Samples 1, 2, 3, 4, 5, 6, 7 are examples of the present invention. In both cases, the G.I. of the annealed sheet required for ensuring non-aging property and corrosion resistance after working in the hardness range of T-1 to T-3 (H _R30T = 49 ± 3 to 57 ± 3). Sno: 9.5 or more is secured. According to the present invention, it is found that it is possible to manufacture non-aging and soft T-1 to T-3 that are excellent in corrosion resistance after processing by the ultra-rapid heating short-time annealing method that is compact and has low equipment cost. .

Sample 6 is the one of the present invention in which Mn is as high as 0.52% and the hardness level is in the range of T-2.5, and the non-aging property and the grain refining can be secured. . Samples 8, 9,
No. 10 is a comparative example in which the amounts of N, C and Nb were out of the range of the present invention. Sample 8 is a G.I. Sno is 8.
9 and coarse grains, Sample 9 cannot secure non-aging property, and Sample 10 is hard because unrecrystallized grains remain.

[0047]

EFFECTS OF THE INVENTION According to the present invention, the continuous annealing equipment capable of high-temperature annealing, compact and low equipment cost, and ultra-rapid heating for a short time provides excellent corrosion resistance after processing T-1 to T-3. It becomes possible to manufacture an aging surface-treated original plate.

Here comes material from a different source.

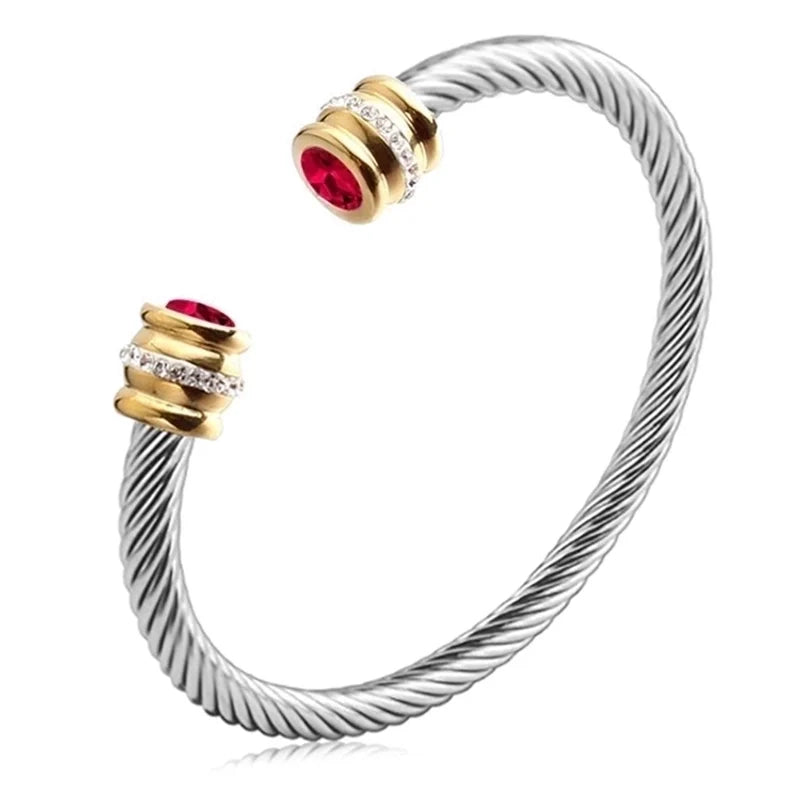 Elegantes C-förmiges Armband mit rotem Diamanten TR12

[Brief description of drawings]

FIG. 1 is an explanatory diagram showing the relationship between the heating rate and the recrystallization temperature in continuous annealing according to the present invention.

FIG. 2 is an explanatory view showing a heat cycle of continuous annealing according to the present invention.

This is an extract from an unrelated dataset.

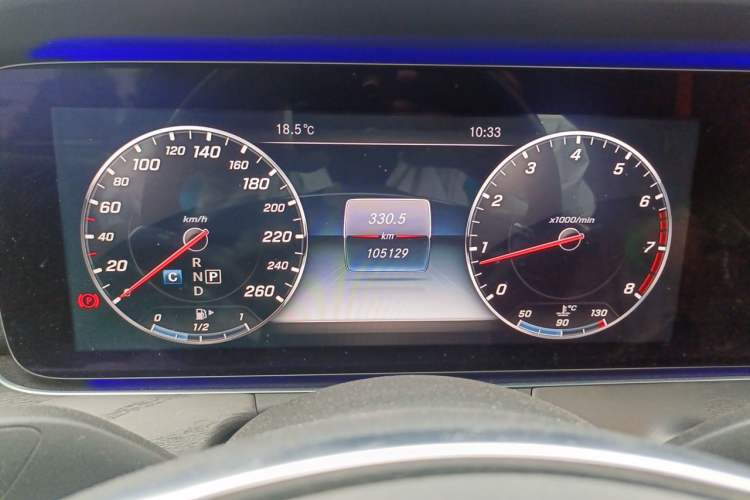 Used Mercedes-Benz E-Class 2017 E 300 L Sporty and Stylish Model Odometer Close Up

FIG. 3 is an explanatory view showing regions of C content and Nb content in which the soft materials T-1 to T-3 could be secured by the non-aging property in the present invention.

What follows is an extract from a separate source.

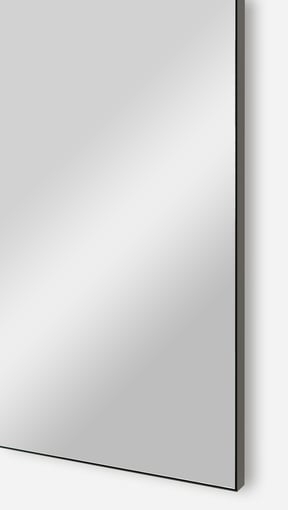 Storke Nero Badspiegel: Rechteckig, Schwarz, 48 x 100 cm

FIG. 4 is a graph showing the N content and G. Sno
FIG.

─────────────────────────────────────────────────── ─── Continuation of the front page (72) Keiichiro Nagano 1 Fuji-machi, Hirohata-ku, Himeji-shi, Hyogo Nippon Steel Co., Ltd. Hirohata Works (56) References Japanese Patent Laid-Open No. 6-184643 (JP, A) (58) Fields investigated (Int.Cl. ⁷ , DB name) C21D 9/46 C21D 8/02 C22C 38/00 301 C22C 38/12

Claims (2)

(57) [Claims] 1. C: 0.0005 to 0.0050%, M
n: 0.05 to 0.60%, P: 0.001 to 0.02
5%, S: 0.001-0.025%, solAl:
0.030-0.120%, N: more than 0.0060-0 .
0170%, Nb: {7.75 x [C (%)-0.00
04] × 0.65}% to 0.023%, T.O. O: ≤0.
A steel slab consisting of 0070% and the balance unavoidable impurities and iron is heated under normal conditions and hot rolled to give 640 to 7
A hot-rolled steel strip is taken up at 50 ° C., cold-rolled at 85% or more, and then heated at a temperature range of at least 500 ° C. at 100 ° C./s or more to a recrystallization temperature to 850 ° C. by continuous annealing. Hold for 3 seconds or less, then perform recrystallization annealing to cool to room temperature, and then temper rolling 0.6 to 3.
A method for producing a non-aging soft surface-treated original plate having excellent corrosion resistance after working by continuous annealing, which is characterized by being applied in a range of 5%. 2. C: 0.0005 to 0.0050%, M
n: 0.05 to 0.60%, P: 0.001 to 0.02
5%, S: 0.001-0.025%, solAl:
0.040-0.120%, N: more than 0.0060-0 .
0170%, Nb: {7.75 x [C (%)-0.00
04] × 0.65}% to 0.023%, T.O. O: ≤0.
A steel slab consisting of 0070% and the balance unavoidable impurities and iron is heated to 1000 to 1180 ° C., hot rolled under normal conditions to obtain a rolled hot rolled steel strip, and cold rolled to 85% or more. , Then at least 500 ℃ in continuous annealing
Recrystallization temperature up to 850 at 100 ° C / s or more in the above temperature range
Recrystallization annealing is performed by heating to 0 ° C, holding for 3 seconds or less, and then cooling to room temperature, and then temper rolling 0.6 to.
A method for producing a non-aging soft surface-treated original plate having excellent corrosion resistance after processing by continuous annealing, which is characterized by being applied in a range of 3.5%.